La magistratura è un potere dello Stato, ed esattamente come tutti gli altri poteri si comporta, con tutti i pregi, i difetti e le distorsioni proprie del potere. Il caso del mercimonio delle funzioni al Consiglio superiore della magistratura ne è una dimostrazione più che mai lampante. La logica delle correnti, legate a doppio filo alla politica, la fa da padrone e non certo da oggi. Nasce così il caso di Luca Palamara, ex consigliere del sindacato delle toghe, l’Asssociazione nazionale magistrati, ex consigliere dello stesso Csm e tra i leader di Unicost, la corrente centrista della magistratura. Nel 2018 quando finisce la sua consiliatura torna a fare il pm a Roma, ma continua senza sosta il suo lavorìo di gran tessitore di relazioni. Una rete che si espande dal cuore della magistratura alla politica, passando per attori e sportivi.

Le correnti della magistratura

MAGISTRATURA DEMOCRATICA (MD/AREA) – Considerata la corrente “di sinistra” della magistratura.

UNITÀ PER LA COSTITUZIONE (UNICOST) – Considerata la corrente centrista, insieme a Magistratura Indipendente esprime il maggior numero di membri in seno al Csm.

MAGISTRATURA INDIPENDENTE (MI) – Fondata nel 1963 è la corrente della magistratura più antica. Considerata espressione della destra è con Unicost la corrente che esprime più membri al Csm

AUTONOMIA E INDIPENDENZA – La più “giovane” delle correnti è stata fondata nel 2015 dall’ex pm del pool di Mani Pulite, Piercamillo Davigo. 

Restiamo qui a ciò che è ritenuto penalmente o disciplinarmente rilevante. Cioè le accuse di corruzione a carico di Palamara e le manovre per la nomina dello stesso a procuratore aggiunto di Roma per poi influenzare la scelta sul nuovo procuratore capo della Capitale. Viaggi e lavori di ristrutturazioni pagati da un amico lobbista. Per le accuse di corruzione il magistrato fa valere le sue relazioni tessute abilmente durante la carriera e riesce a ottenere, secondo la procura di Perugia tramie l’ex procuratore generale della Cassazione Riccarco Fuzio, informazioni sul fascicolo aperto che lo riguarda. Dall’inchiesta emergono decine di migliaia di pagine sulle chat whatsapp di Palamara tra cui le conversazioni con due deputati i renziani Cosimo Ferri e Luca Lotti. Ex magistrato e leader della corrente Magistratura Indipendente il primo, indagato dalla procura di Roma il secondo. I tre si mettono in testa di allungare le mani sulle nomine alla procura di Roma e nelle trame rimangono impigliati anche cinque togati del Csm costretti alle dimissioni la scorsa estate.

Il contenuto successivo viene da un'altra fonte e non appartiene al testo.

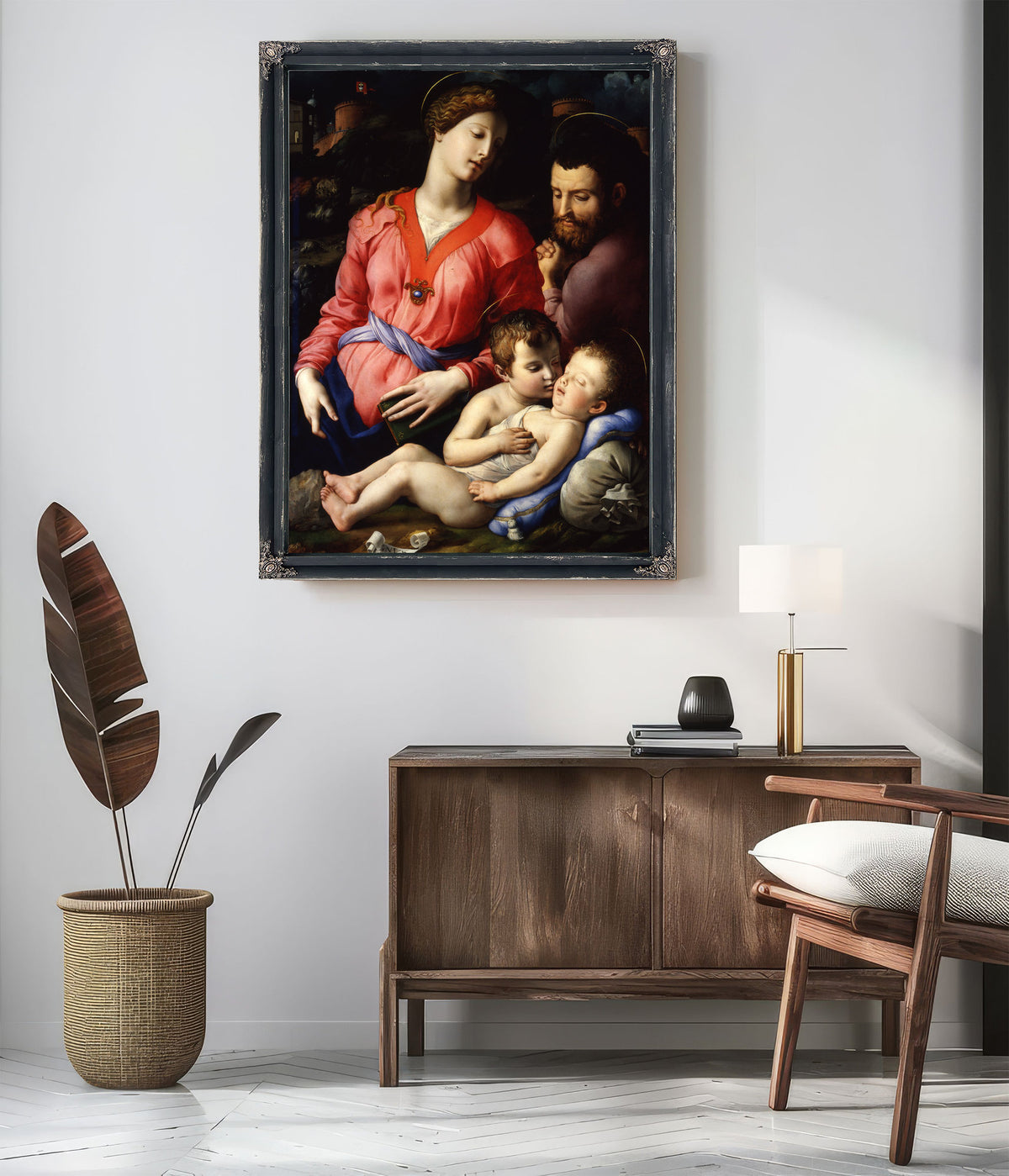 The Panciatichi Holy Family Circa 1540 By Agnolo Bronzino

È apparsa in tutta la sua evidenza la degenerazione del sistema correntizio e linammissibile commistione fra politici e magistrati

Nota del Quirinale dello scorso 29 maggio

Emerge così lo spaccato di un organismo con la responsabilità, tra le altre di nomina dei vertici dell’apparato giudiziario italiano disperatamente a caccia di sponde politiche in grado di influenzarne le decisioni. Così l’instabilità politica si è trasmessa alle correnti della magistratura e in ultima istanza al Csm. Tanto che perfino il presidente della Repubblica Sergio Mattarella, presidente del Csm stesso, arriva a scrivere in un comunicato che quella che abbiamo sotto gli occhi altro non è che una evidente «degenerazione del sistema correntizio e l’inammissibile commistione fra politici e magistrati». Lo stesso ha poi invitato il parlamento a prendere in considerazione «una adeguata legge di riforma delle regole di formazione del Csm».

Tre degenerazioni, dalla gestione del Dipartimento dell’amministrazione penitenziaria al ruolo del Csm, passando per la bulimia di esternazioni di taluni rappresentanti della giustizia, che fotografano una perdita di credibilità costruita giorno per giorno da quella stessa quota di magistrati che vorrebbe ergersi a giusta fra i giusti, ma che fanno il male della categoria. E della giustizia.